Example: Query that joins data between two JDBC tables
SELECT t.*, u.*
FROM marketingdb.transactions_schemaed t
LEFT JOIN marketingdb.users u ON (u.userid = t.userid)
WHERE t.txnid = 304;
304|10/26/2016 08:59 PM|sku20|34225|100.000000|9821-5981-3318-9164|819.427.617.534|AU|34225|Melissa|Kenneth|Melissa Kenneth|Melissa.Kenneth@sample.com
Example: Combine two tables from the same JDBC source
SELECT *
FROM marketingdb.transactions_schemaed
WHERE txnid = 304
UNION ALL
SELECT *
FROM marketingdb.transactions_schemaed_demo
WHERE txnid = 376;
304|10/26/2016 08:59 PM|sku20|34225|100.000000|9821-5981-3318-9164|819.427.617.534|AU
376|12/18/2016 08:39 AM|sku19|51145|150.000000|3360-2156-3415-5155|224.872.343.772|FR
Okera also supports UNION ALL
operations between JDBC and Amazon S3 data sources.
For example, if the data is spread across JDBC and Amazon S3, we can run a UNION ALL
query to retrieve them from these two sources in the same combined resultset.
Example: Combine two datasets from different storage systems
SELECT j.txnid, j.dt_time, j.sku, j.userid, j.price, j.creditcard, j.ip
FROM marketingdb.transactions_schemaed_demo j
WHERE j.txnid = 304
UNION ALL
SELECT *
FROM demo_test.transactions s3t
WHERE s3t.txnid = 98314894;
304|10/26/2016 08:59 PM|sku20|34225|100.000000|9821-5981-3318-9164|819.427.617.534
98314894|03/13/2016 10:41 PM|sku47|22505|960.000000|9018-5233-8275-5887|105.424.939.543
Inline SQL Views¶
Many times, users would want to run complex queries on JDBC data sources.

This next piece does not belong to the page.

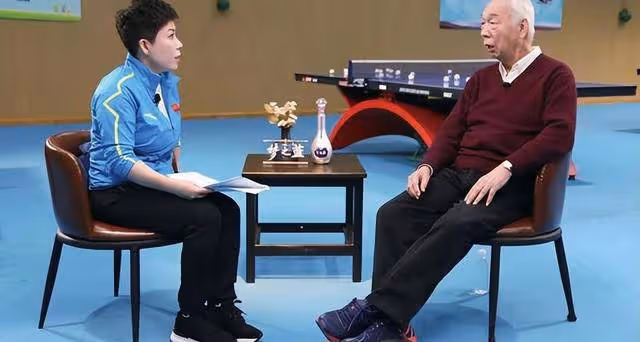 鄧亞萍身高短板遭省隊拒,逆襲狂攬18冠,矮個子的世界冠軍傳奇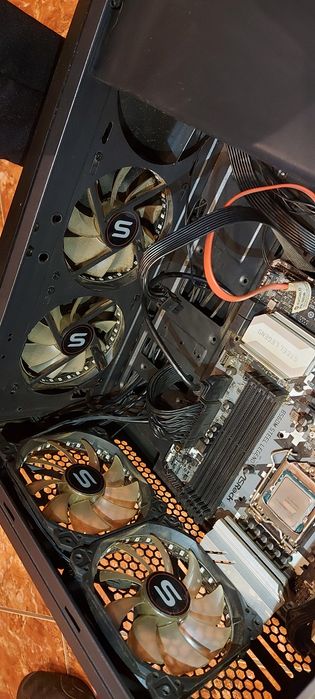 Carcasa Serioux Srcx Tyron+coolere rgb+cabluri+hard hitachi 500gb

One way to run the repeated queries is to persist the SQL as a view in the database and refer to it as a view on Okera.
However, this could create many bloated views in the JDBC data source.
Also users who only have SELECT permissions on the database would not be able to create view on the databases for this purpose.
Okera supports persisting these INLINE VIEW
s as part of the catalog table definitions.
Users can create tables with a backing inline view in the form of a SQL string, as part of the CREATE TABLE
command.
During scan operations, Okera would automatically replace the tablename with the actual SQL string specified during table creation.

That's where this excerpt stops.